[Short descriptive text snippets]
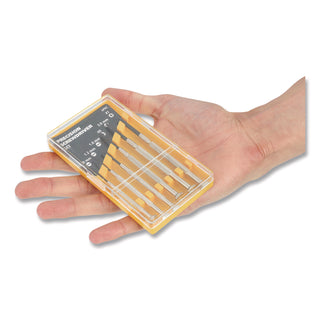 Great Neck® Precision Screwdriver Set, Six-Piece, Phillips/Slotted, Assorted Lengths, Polished Steel Handles (GNSGP6C)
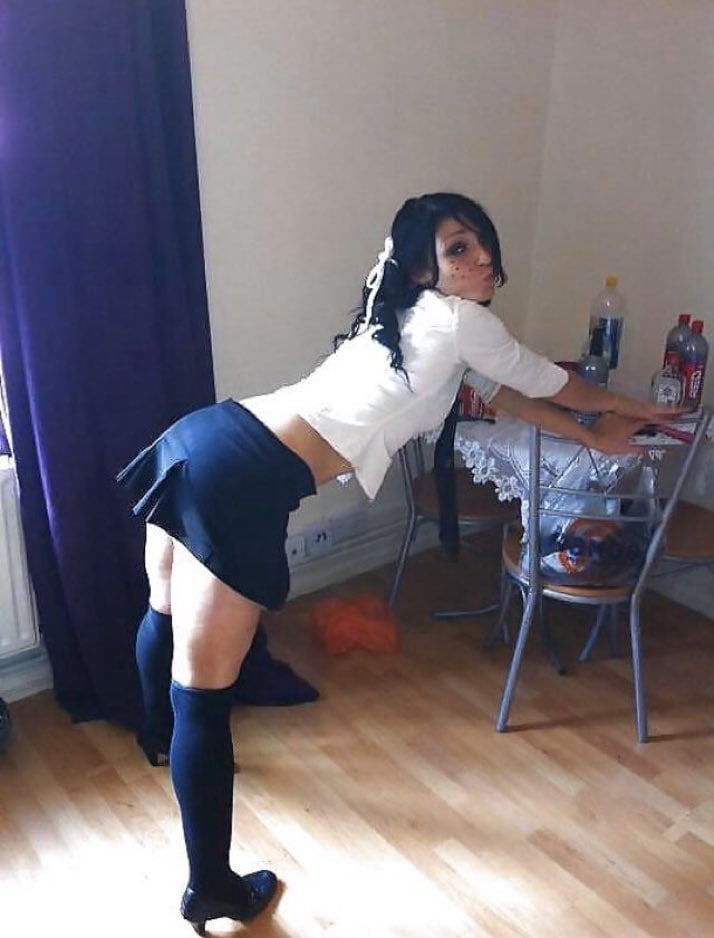 Dressed as a schoolgirl 04 #104493498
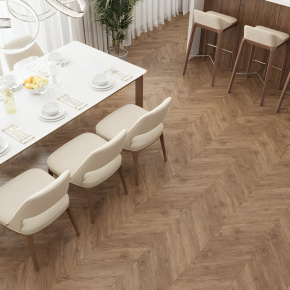 Ламинат ПВХ Alpine Floor Гевуина Chevron LVT ECO 20-10*** в интерьере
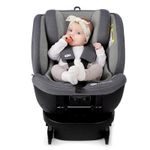 Jucarii, Copii si Bebe - Carucioare si articole de transport - Scaune auto copii - Scaun auto Kinderkraft Xpedition rotativ, 0-36 kg, cu Isofix, Grey - Infinity.ro
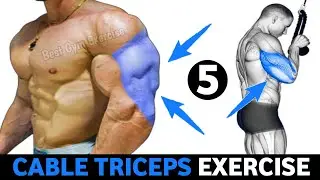 Incredible Triceps Workout - 5 Best Cable Exercises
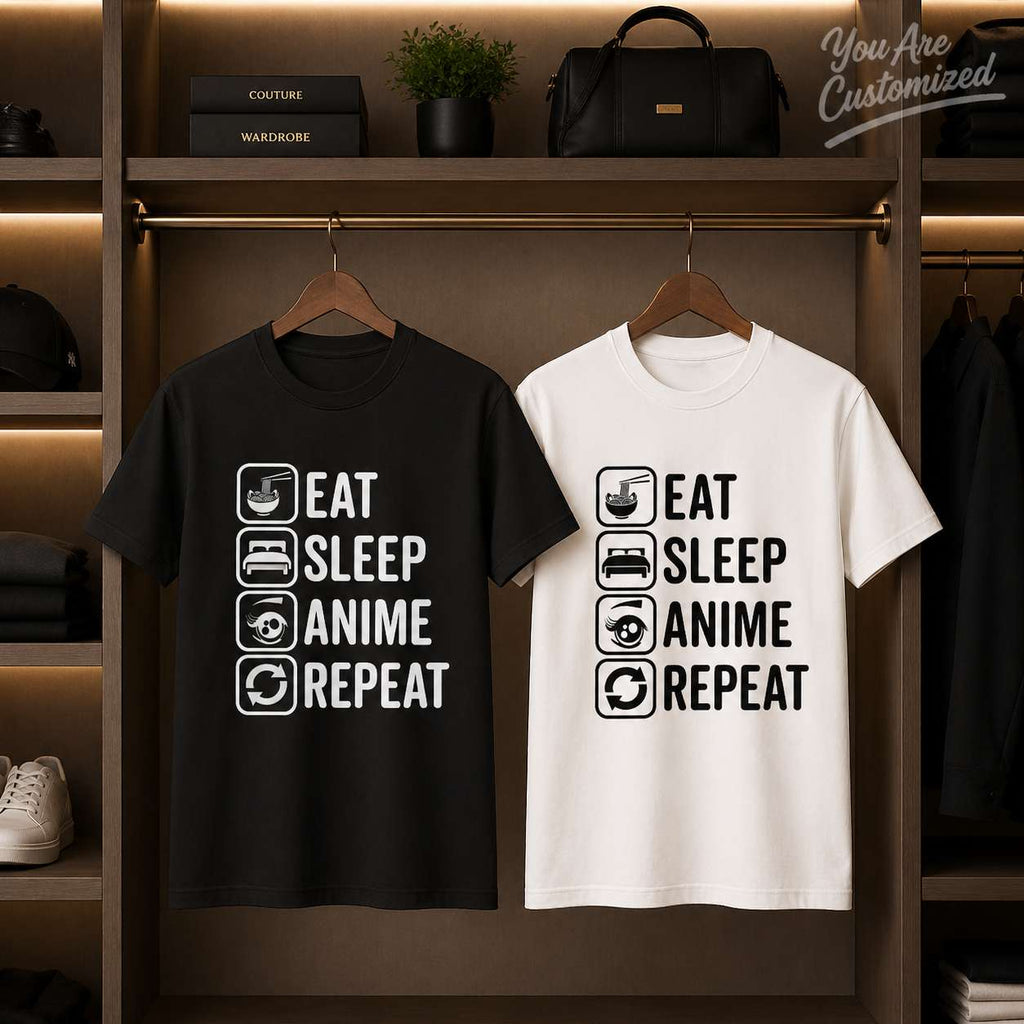 Eat Sleep Anime Repeat T-Shirt - View 5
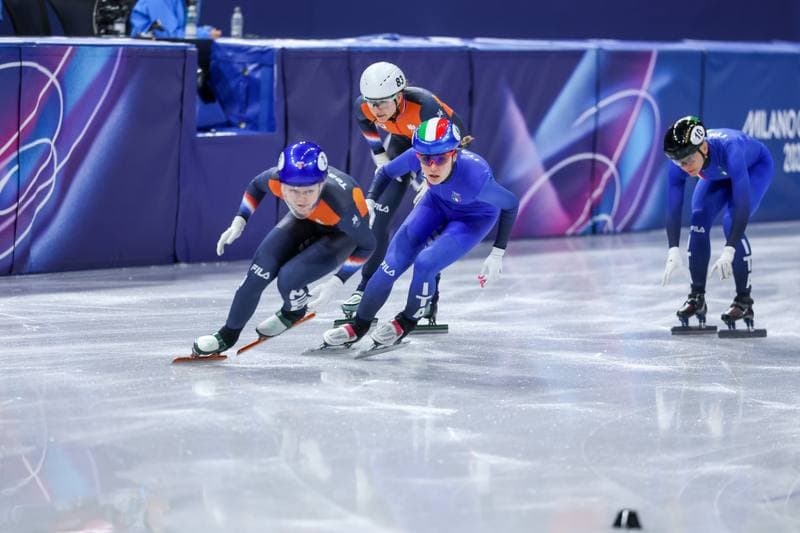 Short Track Speed Skating. Olympic Winter Games Milano-Cortina 2026. Mixed Team Relay Finals. 10.02.2026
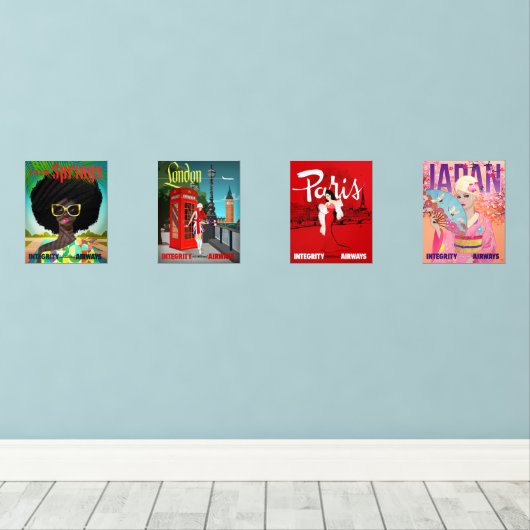 Integrity International Airways Small Print Set (Houten vloer)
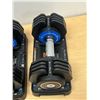 Image 4 : 2 Adjustable Dumbbells 5-25 LBS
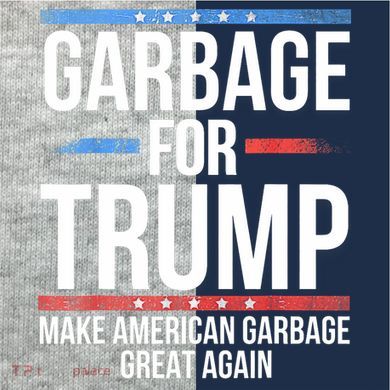 Garbage For Trump Make American Garbage Great Again Kids Colorblock Raglan Jersey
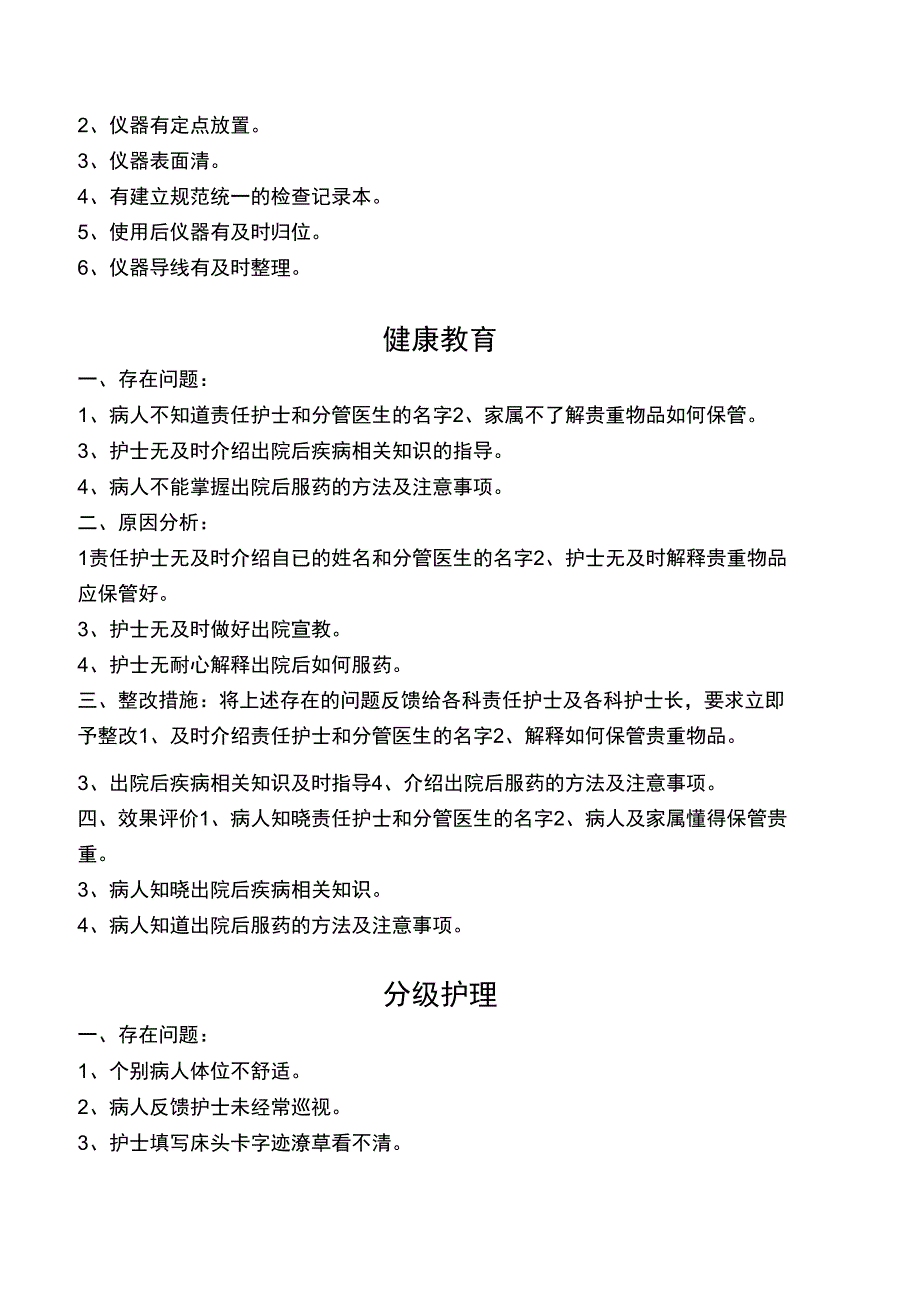 2015年3月护理质量检查情况反馈剖析_第2页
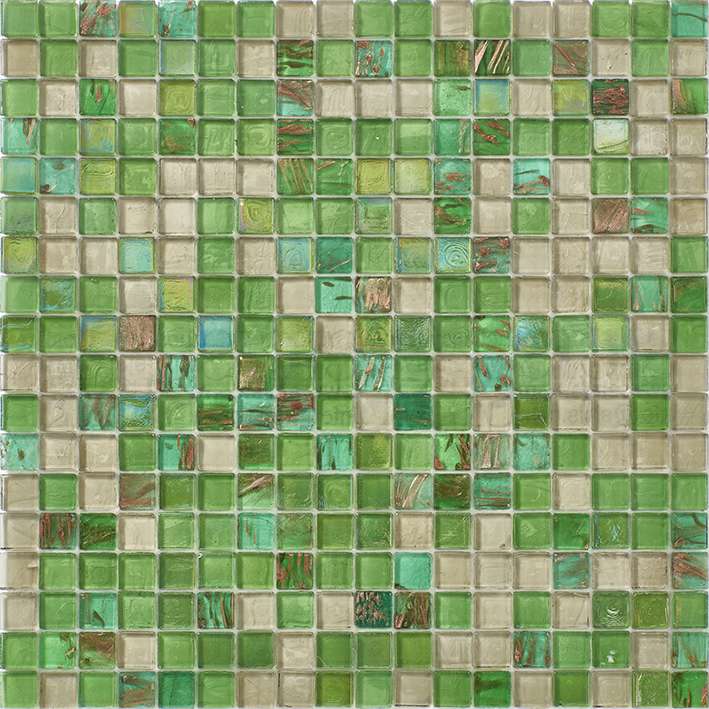 Мозаика L'Antic Colonial Water Rain Forest Supreme 100274410, цвет зелёный, поверхность матовая, квадрат, 296x296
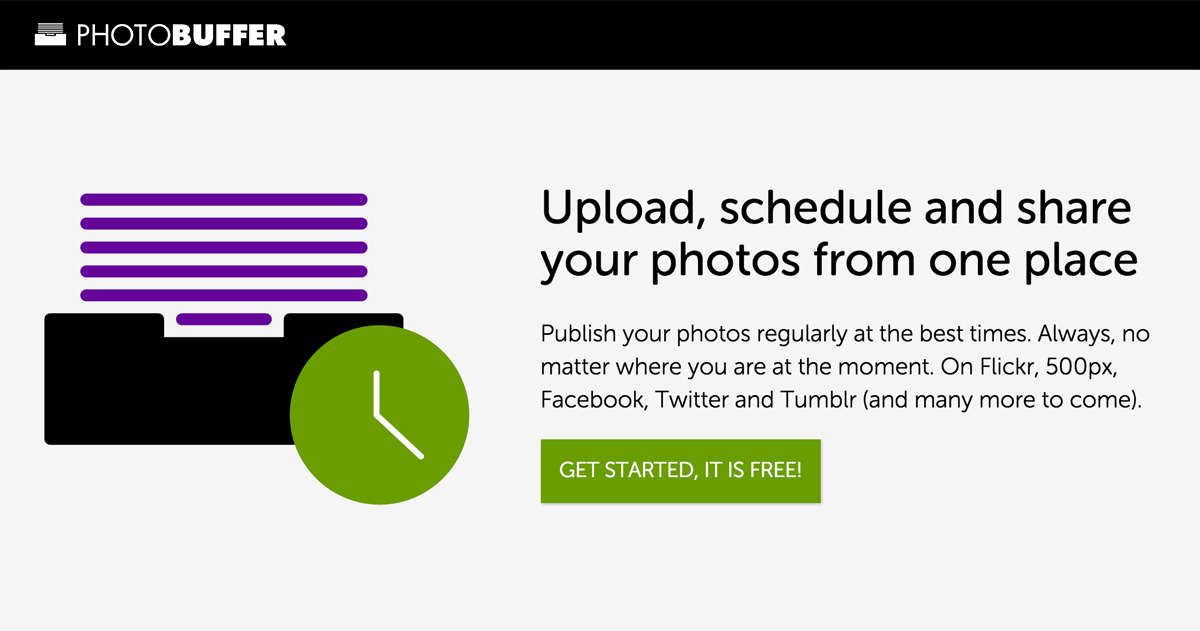 PhotoBufferApp tweet picture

ABOUT THIS EXERCISE ->
Pictures are to be omitted. The lines from the line holding "Integrity International Airways" through the closing line of the data above are to be set down exactly, and nothing more.

SOLUTION FOR THIS EXERCISE ->
 Integrity International Airways Small Print Set (Houten vloer)
 Image 4 : 2 Adjustable Dumbbells 5-25 LBS
 Garbage For Trump Make American Garbage Great Again Kids Colorblock Raglan Jersey
 2015年3月护理质量检查情况反馈剖析_第2页
 Мозаика L'Antic Colonial Water Rain Forest Supreme 100274410, цвет зелёный, поверхность матовая, квадрат, 296x296
 PhotoBufferApp tweet picture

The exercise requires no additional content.